Parameter Setting

Our main GI algorithm script has many different parameter settings available here we will give a brief summary of the different parameters and behaviours available and how to use them.

Parameter

Type

Description

run_number

Integer

Id number for current run provided by user

run_name

String

Id name for the current run provided by user

populationSize

Integer

Number of individuals in the population

generationCount

Integer

Number of generations to continue training in the current run

sourceFile

String

File containing the original function code to be optimized

outFolder

String

Directory for output files

codeFile

String

File name to give to the temporary code saved out during code assignment

function

String

Name of the function to be optimized

prefunction

String

File containing the component code pre the function

postfunction

String

File containing the component code post the function

performanceTests

List of Strings

List of data files used for testing performance against evolved individuals

mutPercentage

Decimal

The percentage of the population in each generation to have a mutation applied

hgtPercentage

Decimal

The percentage of the population in each generation to have a mutation applied

mutWeights

List of Decimals

The probability of different mutations being selected: insert before, insert after, modify, delete.
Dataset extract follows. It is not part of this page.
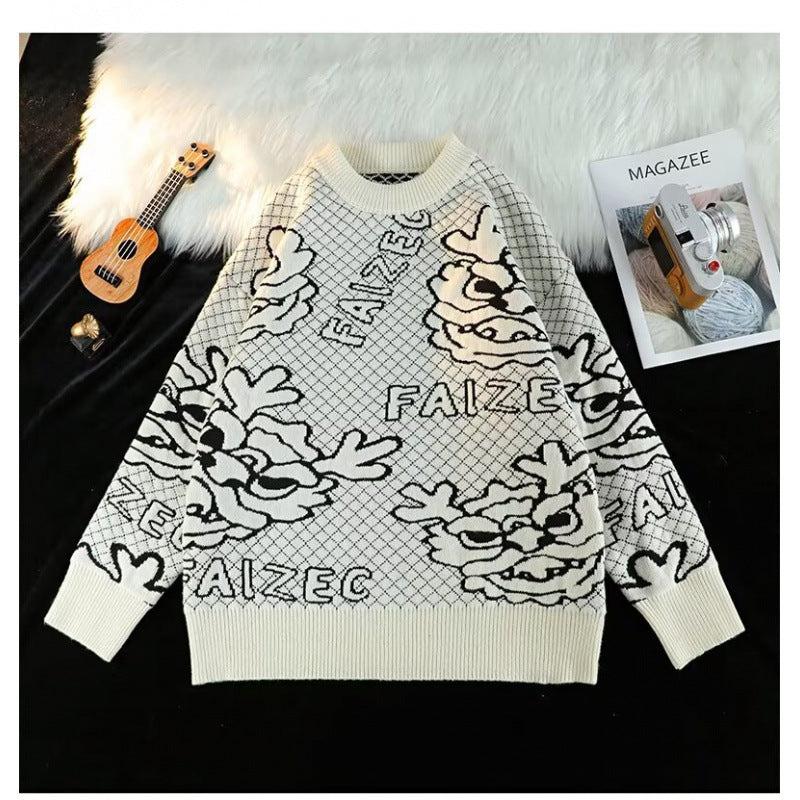Unisex Oversized Jacquard-Strickpullover mit Allover-Motiv und Rippbündchen Shop Nory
The array is normalised so doesn’t have to add to 1.

metrics

List of Integers

Passed to code assessment to dictate the metric used to measure the assessment results

metric_interval

Integer

For multiple metrics the frequency in number of generations with which to change to next metric

dynamic_weights

Boolean

If true switches alternative mutation weights in based on metric_interval

altMutWeights

List of Decimals

Provides alternative mutation weights in same format as mutWeights

performance_interval

Integer

Frequency in number of generations on which performance of the individuals is tested on unseen data

elite

Integer

Number of top individuals to transfer directly into the next generation

current_metric

Integer

Initially set to first metric in metric list and stores the correct current metric during run

trainingFile

String

Data file to be used for training individuals

staticWords

Integer

Number of lines to take from start of data file

sampleWords

Integer

Number of lines to be sampled at random from data file with uniform probability

synthWords

Integer

Number of words/lines to be generated based on length and character frequency

synthFromSample

Boolean

Generate new words from sampled words rather than full file

log_all

Boolean

If true all individuals code is saved, if false only best individual of each generation is saved. False is recommended as alternative has very high storage requirements.

currentWeights

Decimal

The weights being used by the system currently, change between generations if alternative weights are in use.

testerFile

String

The compiled “.o” file for the tester which should be used

Metrics

Our existing tester for hash functions supports three different metrics:

  1. Speed - \(s_n\), Just the clock speed time plus time penalties for individual \(n\)

  2. Speed and Short Code Length - \(s_n+5l_n\), where \(l_n\) is the token length of the individual

  3. Speed and Long Code Length - \((s_n-(s_n%10)) + 5(200-l_n)\)

Time penalties are 10 milliseconds, this is enough to overcome the timing noise and enough to effect the overall results without being so much that a single error would completely fail the code.

Data treatments

These parameters are designed to allow for four different data treatments:

  1. Static

  2. Sample

  3. Synthetic

  4. Synthetic and Sample mix

In this case we are referring to what we do with a pre-existing list of “words”.

A static treatment draws words from the start of the file and so returns the same set of words every generation. Otherwise a sample draws words at random from the whole file with an equal probability of selecting any word, this gives a different set of words every generation with possible overlap dependent on the size of the original data file. The synthetic data treatment analyses the whole file of words for word length and character usage, those distributions are then used to generate a set of random string “words”, this will give a more unique set of data for each generation. For a synthetic and sample mix we take a smaller sample, use the sample to generate the length and character usage distributions and then generate the rest of the “words” from those distributions. This will give not just a distinct set of words but will include a mix of real words and random strings with a different letter distribution each time.